Start of Available data

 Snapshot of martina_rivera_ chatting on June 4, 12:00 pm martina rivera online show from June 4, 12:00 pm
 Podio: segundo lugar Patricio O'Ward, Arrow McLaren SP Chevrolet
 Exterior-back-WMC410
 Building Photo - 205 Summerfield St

End of Available data
Start of Available data

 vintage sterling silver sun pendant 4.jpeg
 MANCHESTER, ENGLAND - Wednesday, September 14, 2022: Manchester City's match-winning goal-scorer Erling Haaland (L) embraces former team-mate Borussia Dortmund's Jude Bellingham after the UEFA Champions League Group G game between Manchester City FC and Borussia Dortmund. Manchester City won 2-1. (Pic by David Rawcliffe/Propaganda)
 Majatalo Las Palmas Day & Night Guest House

End of Available data
Start of Available data

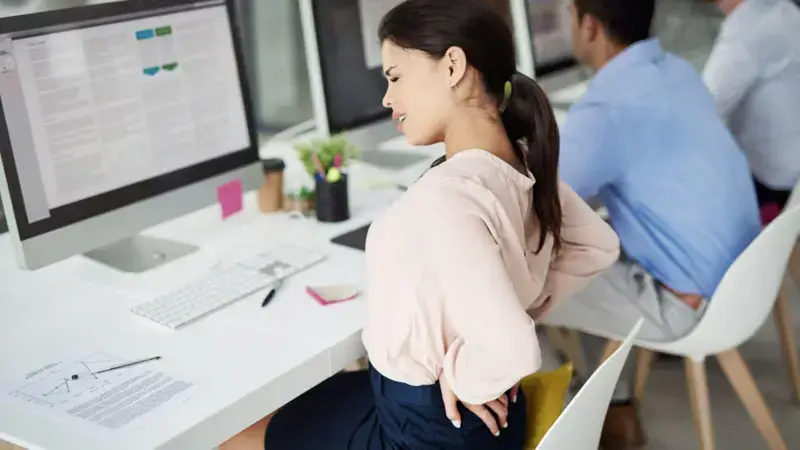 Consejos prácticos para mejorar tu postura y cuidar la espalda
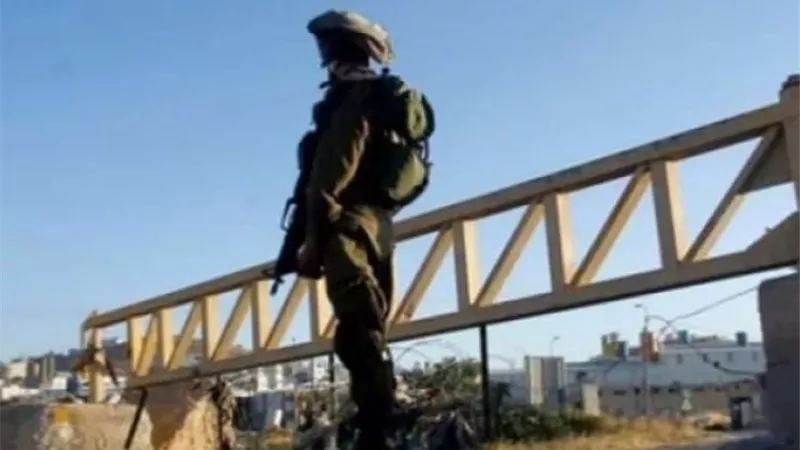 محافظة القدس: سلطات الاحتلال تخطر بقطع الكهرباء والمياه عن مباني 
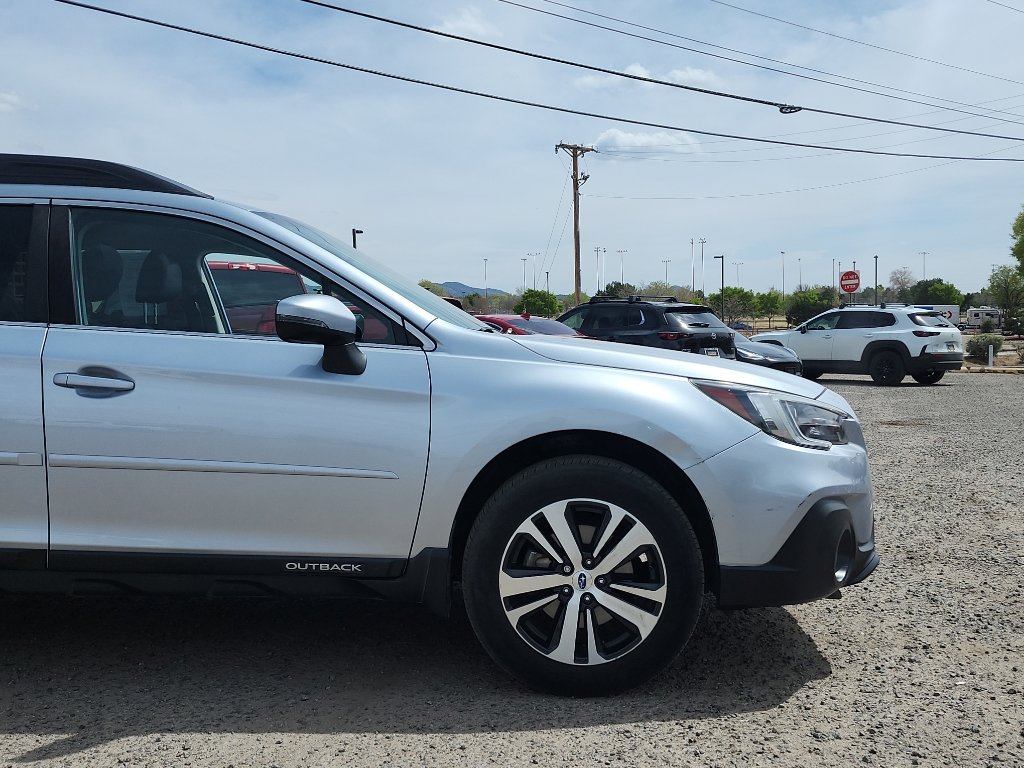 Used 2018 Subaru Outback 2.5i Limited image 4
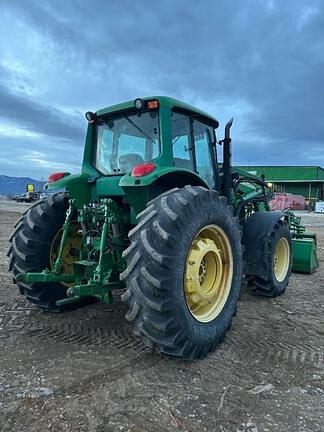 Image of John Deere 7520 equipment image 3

End of Available data

Action item. Give back exactly the lines of the listing above that run from the line with "Snapshot of martina_rivera_" to the line with "Building Photo - 205 Summerfield St", inclusive.

Solution.
 Snapshot of martina_rivera_ chatting on June 4, 12:00 pm martina rivera online show from June 4, 12:00 pm
 Podio: segundo lugar Patricio O'Ward, Arrow McLaren SP Chevrolet
 Exterior-back-WMC410
 Building Photo - 205 Summerfield St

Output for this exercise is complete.